From Los Angeles to Louisiana: Part Two of Our Community Storytelling Initiative Presents Over Punitive Film
Last year, Represent Justice and our community partners in Los Angeles premiered Diverted, a film that challenged fear-based narratives about Black and Brown youth and called for a future rooted in healing, diversion, and community care. That premiere marked more than the release of a film. It reflected what becomes possible when organizers working closest to the issue have the tools, training, and support to shape the story themselves.
Now, we’re preparing to share the second project born out of our Community Storytelling initiative: Over Punitive, a Louisiana Community Storytelling film created alongside Vera Louisiana, The Promise of Justice Initiative, Louisiana Parole Project, Second Look Alliance, The First 72+, and Voice of the Experienced (VOTE).

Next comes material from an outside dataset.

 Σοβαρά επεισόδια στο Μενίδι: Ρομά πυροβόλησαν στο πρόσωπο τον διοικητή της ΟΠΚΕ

Louisiana is known around the world for its music, culture, and spirit. But it has also long been defined by one of the highest incarceration rates in the nation and, at times, the world. Over Punitive explores that contradiction by examining the human cost of extreme sentencing and a legal system that has too often treated punishment as the default response to harm. Through the stories of Ronald Marshall, Susie Ann Marshall-Tarleton, Sandra Starr, Brett Malone, and Don Allison, the film invites audiences to question what punishment actually delivers — and what real safety might require instead.

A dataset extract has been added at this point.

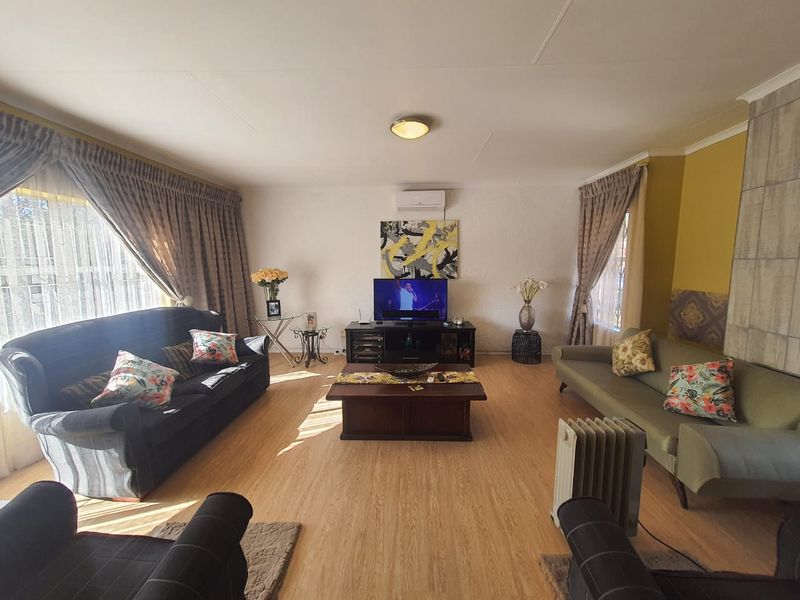 New To The Market, Beautiful Property In CE 4 - Photo 4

Like our Los Angeles Community Storytelling project, this work was built in partnership with organizers and advocates deeply embedded in their communities. Too often, stories about system-impacted people are extracted, shaped from the outside, and circulated without building lasting power for the people most affected. Our Community Storytelling was designed to produce pieces that reverse that dynamic by placing narrative tools in the hands of those already doing the work on the ground. In both Los Angeles and Louisiana, our partners have helped shape not only the films themselves, but the questions, strategy, and vision behind them.
Over Punitive challenges the assumption that harsher punishment creates safer communities. It asks whether severity has been mistaken for safety, and whether investment in prisons has come at the expense of healing, accountability, education, and the conditions people actually need to thrive. It points toward another vision — one rooted in dignity, reconciliation, restorative justice, and second chances.
We’re honored to be releasing Over Punitive with partners whose work is already advancing sentencing reform, restorative justice, rehabilitation, and second chances across Louisiana. We hope audiences will engage with the film, share it with their communities, and use it as an opening to ask harder questions about punishment, safety, and what justice should look like.